Recent economic data coming out of Thailand support our conviction that economic damage brought about by the recent floods would further compound the downside risks of cooling external demand, leading to a narrowing of Thailand's trade surplus and continued weakness for the Thai baht in 2012. Figures published by the Bank of Thailand (BoT) showed that Thailand's manufacturing production index fell by 48.4% y-o-y seasonally-adjusted in November, following a 30.0% y-o-y decline in October. Meanwhile, industrial capacity utilization has fallen from its previous peak of 64.5% in August to just 40.4% in November, reflecting the impact of key industrial zones that were forced to shut down amid the recent floods.
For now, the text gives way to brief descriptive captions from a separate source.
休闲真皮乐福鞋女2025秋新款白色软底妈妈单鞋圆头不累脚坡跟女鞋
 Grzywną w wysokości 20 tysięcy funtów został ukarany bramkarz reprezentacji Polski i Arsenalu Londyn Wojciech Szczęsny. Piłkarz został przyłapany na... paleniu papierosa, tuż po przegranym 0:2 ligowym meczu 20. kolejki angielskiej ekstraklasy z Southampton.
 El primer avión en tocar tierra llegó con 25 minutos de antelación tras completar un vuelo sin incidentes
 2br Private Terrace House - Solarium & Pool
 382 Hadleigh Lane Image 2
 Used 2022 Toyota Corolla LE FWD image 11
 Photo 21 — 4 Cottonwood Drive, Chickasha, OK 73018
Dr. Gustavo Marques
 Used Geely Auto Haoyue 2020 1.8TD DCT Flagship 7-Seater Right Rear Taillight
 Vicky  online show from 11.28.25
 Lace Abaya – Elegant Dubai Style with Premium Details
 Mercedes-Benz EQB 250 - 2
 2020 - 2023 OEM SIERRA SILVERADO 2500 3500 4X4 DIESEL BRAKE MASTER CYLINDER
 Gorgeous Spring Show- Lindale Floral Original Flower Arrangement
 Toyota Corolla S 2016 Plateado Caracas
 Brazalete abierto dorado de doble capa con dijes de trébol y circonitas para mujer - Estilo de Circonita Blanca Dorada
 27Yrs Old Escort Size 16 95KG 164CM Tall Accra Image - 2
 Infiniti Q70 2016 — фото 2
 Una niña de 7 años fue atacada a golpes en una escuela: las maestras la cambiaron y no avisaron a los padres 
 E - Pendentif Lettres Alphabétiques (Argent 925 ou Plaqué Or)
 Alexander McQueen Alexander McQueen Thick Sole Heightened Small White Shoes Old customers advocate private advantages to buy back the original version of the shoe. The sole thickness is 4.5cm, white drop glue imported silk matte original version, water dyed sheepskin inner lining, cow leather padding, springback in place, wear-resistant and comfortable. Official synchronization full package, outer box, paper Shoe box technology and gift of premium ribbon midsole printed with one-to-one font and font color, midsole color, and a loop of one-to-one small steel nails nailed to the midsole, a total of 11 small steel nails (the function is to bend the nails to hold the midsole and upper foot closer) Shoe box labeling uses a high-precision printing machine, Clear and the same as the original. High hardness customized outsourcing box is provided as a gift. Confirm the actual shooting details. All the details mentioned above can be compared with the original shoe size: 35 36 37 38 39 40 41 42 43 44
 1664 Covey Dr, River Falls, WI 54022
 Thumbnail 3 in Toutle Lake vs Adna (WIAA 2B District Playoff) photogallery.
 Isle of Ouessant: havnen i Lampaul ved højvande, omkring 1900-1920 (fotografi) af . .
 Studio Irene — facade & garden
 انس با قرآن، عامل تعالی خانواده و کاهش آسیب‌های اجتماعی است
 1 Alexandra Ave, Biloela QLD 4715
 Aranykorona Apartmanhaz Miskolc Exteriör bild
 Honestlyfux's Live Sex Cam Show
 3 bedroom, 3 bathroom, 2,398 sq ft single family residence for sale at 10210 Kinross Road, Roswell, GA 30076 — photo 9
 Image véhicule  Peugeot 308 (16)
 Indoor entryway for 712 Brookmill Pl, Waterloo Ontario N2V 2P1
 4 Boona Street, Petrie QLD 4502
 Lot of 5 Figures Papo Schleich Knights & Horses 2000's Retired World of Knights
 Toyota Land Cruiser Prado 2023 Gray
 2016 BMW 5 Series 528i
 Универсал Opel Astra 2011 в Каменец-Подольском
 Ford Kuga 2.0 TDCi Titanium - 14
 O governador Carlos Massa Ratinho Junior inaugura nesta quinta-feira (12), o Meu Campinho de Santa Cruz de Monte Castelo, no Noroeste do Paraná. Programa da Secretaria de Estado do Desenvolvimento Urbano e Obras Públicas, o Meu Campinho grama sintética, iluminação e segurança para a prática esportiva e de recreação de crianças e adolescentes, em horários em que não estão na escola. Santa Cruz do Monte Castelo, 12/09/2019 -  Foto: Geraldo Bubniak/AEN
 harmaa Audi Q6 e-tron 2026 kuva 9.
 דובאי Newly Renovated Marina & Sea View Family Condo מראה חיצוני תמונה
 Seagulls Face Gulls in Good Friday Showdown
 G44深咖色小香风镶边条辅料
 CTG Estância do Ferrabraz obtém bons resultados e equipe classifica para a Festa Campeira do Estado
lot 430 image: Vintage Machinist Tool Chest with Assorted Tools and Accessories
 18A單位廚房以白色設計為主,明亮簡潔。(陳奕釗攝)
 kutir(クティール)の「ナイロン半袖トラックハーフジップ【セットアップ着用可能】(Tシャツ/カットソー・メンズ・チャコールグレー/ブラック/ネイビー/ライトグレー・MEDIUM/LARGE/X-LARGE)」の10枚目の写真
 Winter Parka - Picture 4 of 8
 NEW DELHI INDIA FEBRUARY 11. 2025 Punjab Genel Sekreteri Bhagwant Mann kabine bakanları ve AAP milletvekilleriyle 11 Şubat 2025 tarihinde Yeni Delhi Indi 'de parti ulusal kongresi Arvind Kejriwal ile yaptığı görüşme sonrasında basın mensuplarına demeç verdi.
Although local media reports claim that floods in the Thai capital of Bangkok are receding, the manufacturing sector is unlikely to return to full production anytime soon (industry leaders estimate that production activity will only see a full recovery by the end of H112). This, combined with an expected slowdown in global economic growth that is already putting pressure on exports, means we are seeing increasing risks of a recession in Thailand. At present, we are pencilling in a 3.2% y-o-y contraction in real GDP growth in Q411, translating into full year growth of just 1.5% for 2011. Notwithstanding a reconstruction-led bounce in the coming quarters, we are keeping our forecast for growth in 2012 below consensus at 4.0%, in line with our view for sustained weakness in exports. Accordingly, we expect Thailand's trade surplus to shrink from a healthy 4.5% of GDP in 2010, to 2.9% and 2.1% of GDP in 2011 and 2012 respectively. From our standpoint, a narrowing trade surplus means that the Thai baht is becoming increasingly susceptible to capital flows.No Bright Spots For The Thai Baht
Risks Are Skewed Towards The Downside
Growing risk aversion towards emerging market assets prior to the floods, had already triggered capital flight from Thailand albeit at a manageable scale. This was witnessed by the recent sell-off across emerging Asia currencies in September, which was accompanied by significant declines in foreign reserves as central banks attempt to stabilise their currencies. With the Thai economy staring at a potential recession in 2012, we expect the Thai baht to come under renewed selling pressure as investors take their capital elsewhere in search of better opportunities.
Even without taking into account the above scenario in which we see large-scale capital flight, we are already pencilling in further weakness for the Thai baht. We expect the currency to depreciate from its present level of around THB31.55/US$ to THB33.00/US$ by end-2012. Recent developments do not bode well for the Thai economy and we are increasingly concerned that further negative shocks would throw the economy into recession, a serious threat to investor sentiment. Thus, we caution that the risks to our outlook on the Thai baht remain skewed towards the downside.